There was approximately a 10% difference among women of reproductive age who self-reported being pregnant in the three years prior to the survey (34%) and the administrative case definition (44%), and the kappa statistic was in the moderate range. Our administrative case definition may have been too sensitive, “detecting” cases of pregnancy when a woman had not been pregnant (e.g., we included ICD-10 code Z40.0 -problems related to an unwanted pregnancy-) or respondents may have answered the question negatively if their pregnancy did not result in a live birth. Some of the misclassification may have also occurred due to inaccuracies in sex and age (the variables used to subset the sample), though this misclassification is likely minimal. In contrast to the diabetes and hypertension results, agreement between the data sources tended to be better for younger women and women in better health. Our findings in general are consistent with factors that affect the accuracy of self-reporting of health care utilization identified in a systematic review of the literature: sample population and cognitive abilities; recall time frame; type of utilization; utilization frequency; questionnaire design; mode of data collection; and memory aids and probes (Bhandari & Wagner, 2006).
There were limitations to the study.
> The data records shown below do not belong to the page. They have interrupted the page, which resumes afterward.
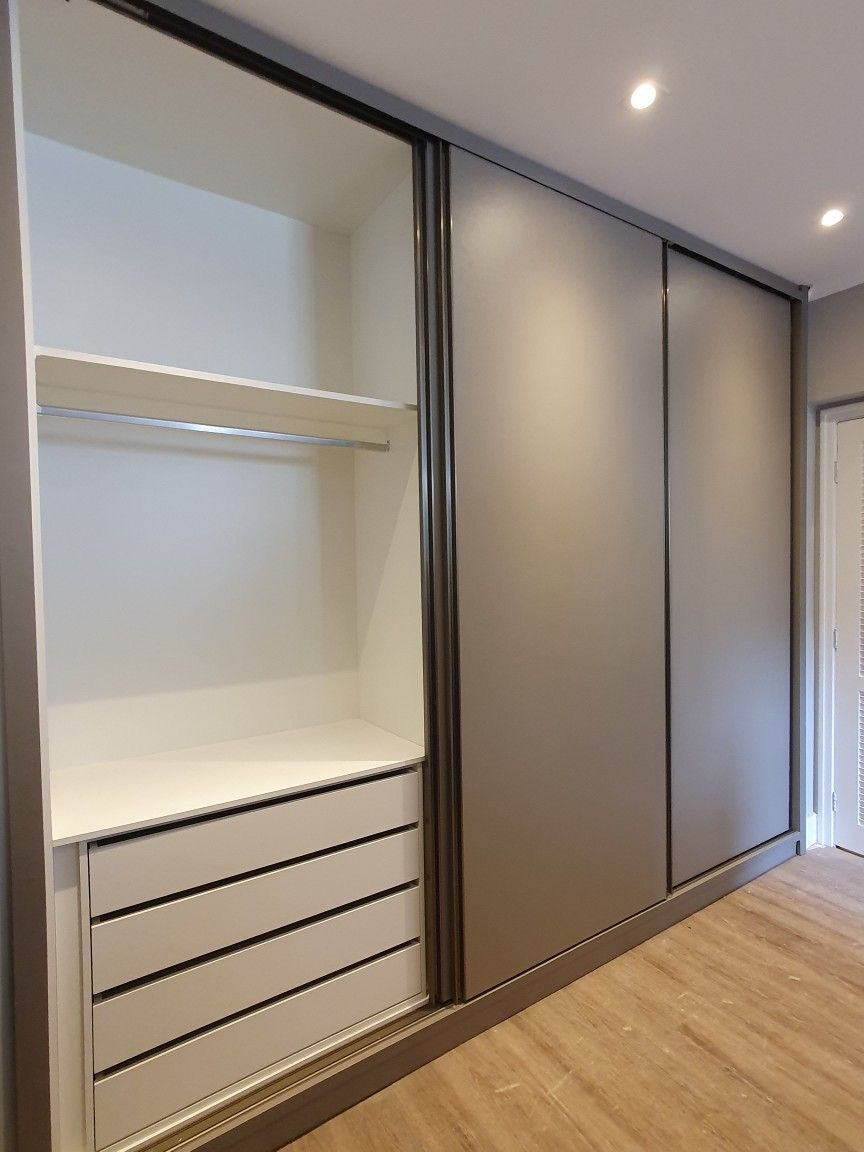 Guarda-roupa - Projeto 2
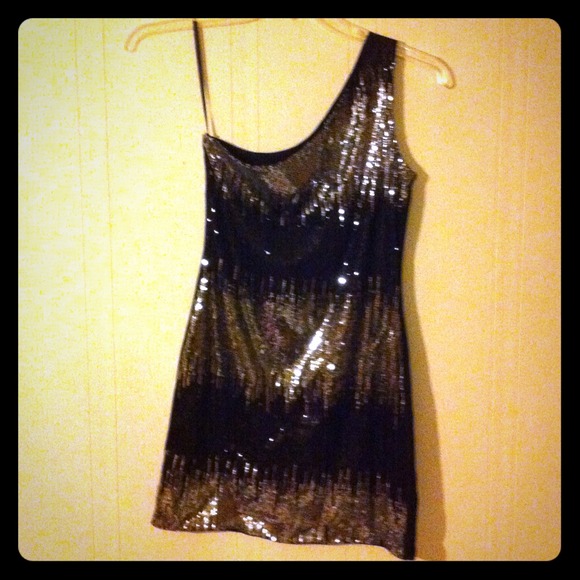 Trade Bundle Sexy One Shoulder Dress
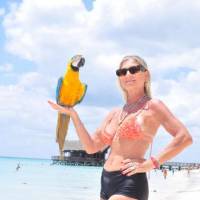   Mujer de 59 años Escobar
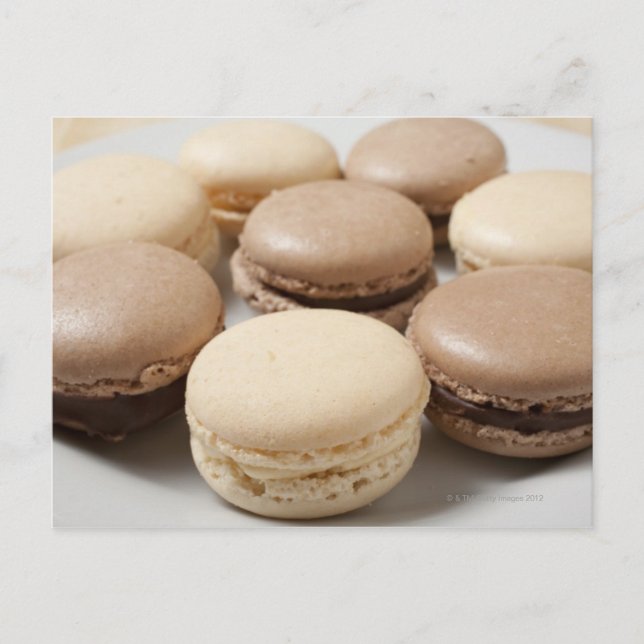 Postal Un plato de macarones de chocolate y vainilla, el (Anverso)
The survey was not conducted face-to-face but over cell phones. Furthermore, it was administered during a time of uncertainty such as the COVID pandemic. It is difficult to ascertain if the results would have been different if the survey had been conducted before or after the pandemic.
Conclusion
At a population-level, our study showed that survey and administrative data tell essentially the same story, suggesting that Anas Wayuu can be relatively confident in using their administrative data for planning and research purposes with respect to these health conditions. However, subgroup analyses based on identity characteristics, particularly age, should be interpreted with caution. The study addressed a significant gap in the literature, as it relates to health care utilization data of Indigenous peoples. Given the increasing relevance of addressing the rights of Indigenous Peoples across the world to strengthen and implement their data sovereignty (Mashford-Pringle et al., 2019; Hayward et al., 2021; Walter & Suina, 2019), the research reported here is also of value in supporting that agenda.
Footnotes
Declaration of conflicting interests
The author(s) declared no potential conflicts of interest with respect to the research, authorship, and/or publication of this article.
Funding
The author(s) disclosed receipt of the following financial support for the research, authorship, and/or publication of this article: This study is supported by Inter-American Development Bank.